# Tomorrow



## LoveDogs (Feb 3, 2014)

Tomorrow I put my dog to sleep. My husband and I decided that it is the day. I keep thinking there just might be something more I can do. He paces all night panting, can't seem to get comfortable, when I take him to do his business outside he can only sand a few minutes and he falls down. The winter took a toll on him. We have stairs that lead to every entrance to the house and when he attempts to come back inside he is unable to do so. I end up having to help him up the stairs but if I touch his bottom he's in obvious pain. The thing is, when he finally warms up in the house he will grab his favorite toy and squeak it a few times and will put it on my lap so he still has the desire to play but it never lasts long. His bone is fractured from an accident when he was a little guy. This is just breaking my heart.


----------



## Shade (Feb 20, 2012)

I am very sorry  I know the pain and it's absolutely heartbreaking, but it truly is the kindest thing to keep them from suffering. At least you have one last day to enjoy everything to the fullest with him. I wish you peace and strength for both today and tomorrow :hugs:


----------



## Mister C (Jan 14, 2014)

Hello LoveDogs,

This is such a difficult time and a really hard decision to make. They give us everything they have and ask for so little in return. I hope that you take some comfort in doing that one last favor for your friend. Be strong and show him there is nothing to fear from crossing the bridge. Then have a good cry and keep the memories strong. As long as you keep a special place in your heart for him he will never be truly gone.

Sincerely,

Michael


----------



## Brando & Julietta's Dad (Dec 14, 2013)

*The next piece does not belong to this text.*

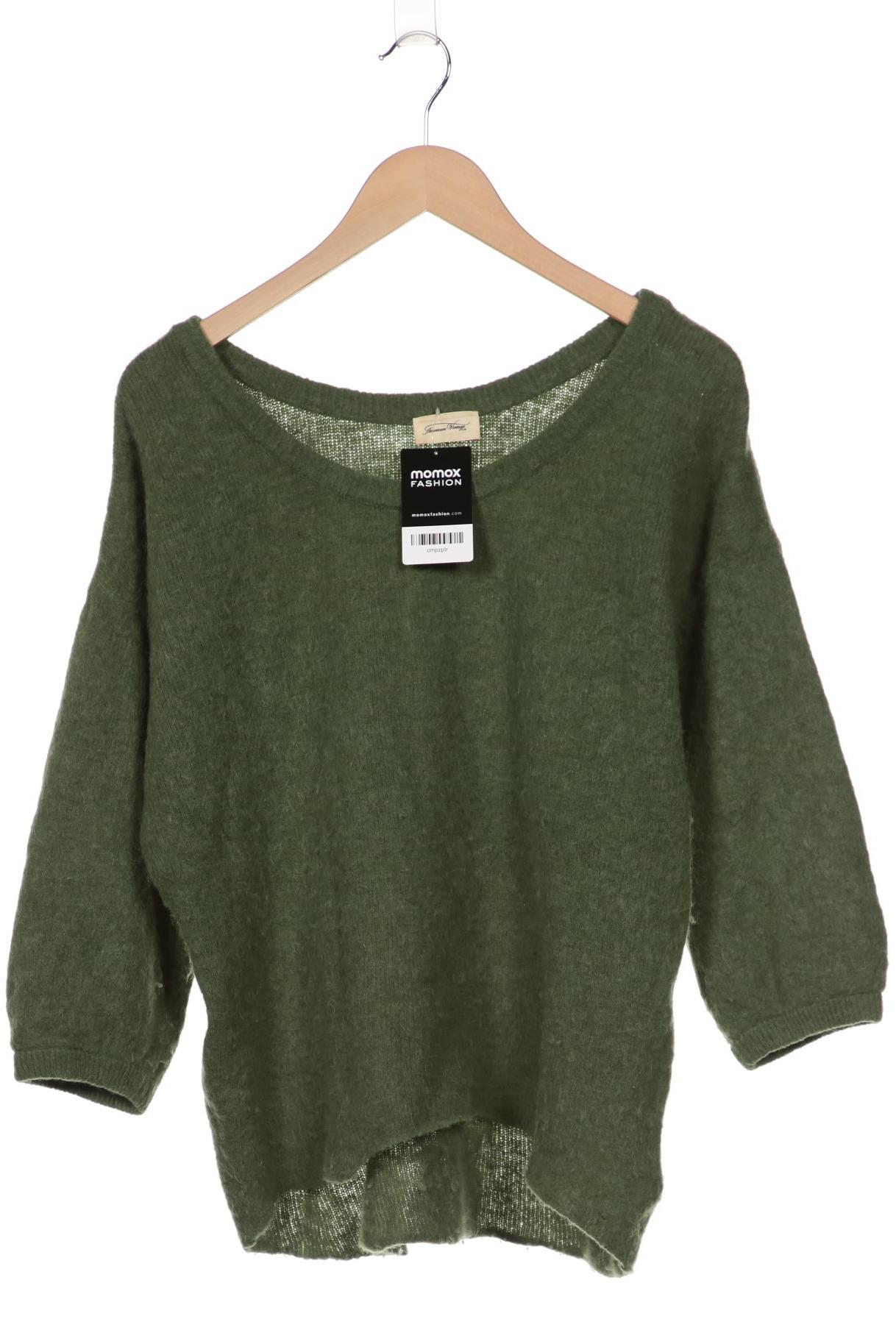 

American Vintage Damen Pullover, grün, Gr. 38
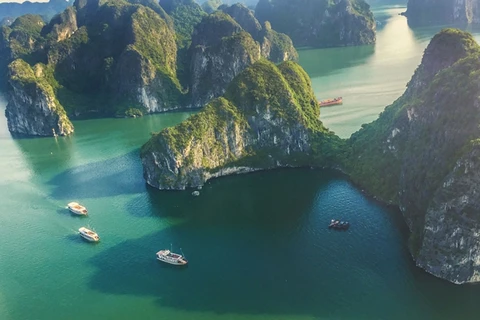 La baie d’Ha Long parmi les 25 plus belles destinations du monde par CNN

I am so sorry to hear about your poor guy's suffering. Its very difficult to let go and deciding the right time. It sounds like that time is here. I think the only thing you can do is give him as much love and comfort as possible. My thoughts are with you during this difficult time.


----------



## TommyB681 (Oct 19, 2012)

You are certainly in my thoughts and prayers during this tough time


----------



## DWP (Mar 31, 2011)

*So Sorry*

Peace be with you


----------



## shepherdmom (Dec 24, 2011)

I am so sorry!


----------



## Bridget (Apr 5, 2004)

I am thinking of you today. Certainly sounds like you are doing the right thing. I feel for you.


----------



## Mister C (Jan 14, 2014)

Bridget said:


> I am thinking of you today. Certainly sounds like you are doing the right thing. I feel for you.


Same here. A very tough day for sure but you are not alone.


----------



## Loneforce (Feb 12, 2012)

I am sorry for your loss


----------



## SusiQ (Jul 27, 2007)

The hardest thing in the world - and the most unselfish - is to let go. My thoughts and prayers are with you.


----------



## SuperG (May 11, 2013)

It's so very very tough....there's no easy way to say goodbye but what you are doing now is the most compassionate act you could possibly do...no matter how much it breaks your heart....stay strong for your pooch.

SuperG


----------



## wyoung2153 (Feb 28, 2010)

Thinking of you today.. love and prayers send your way..


----------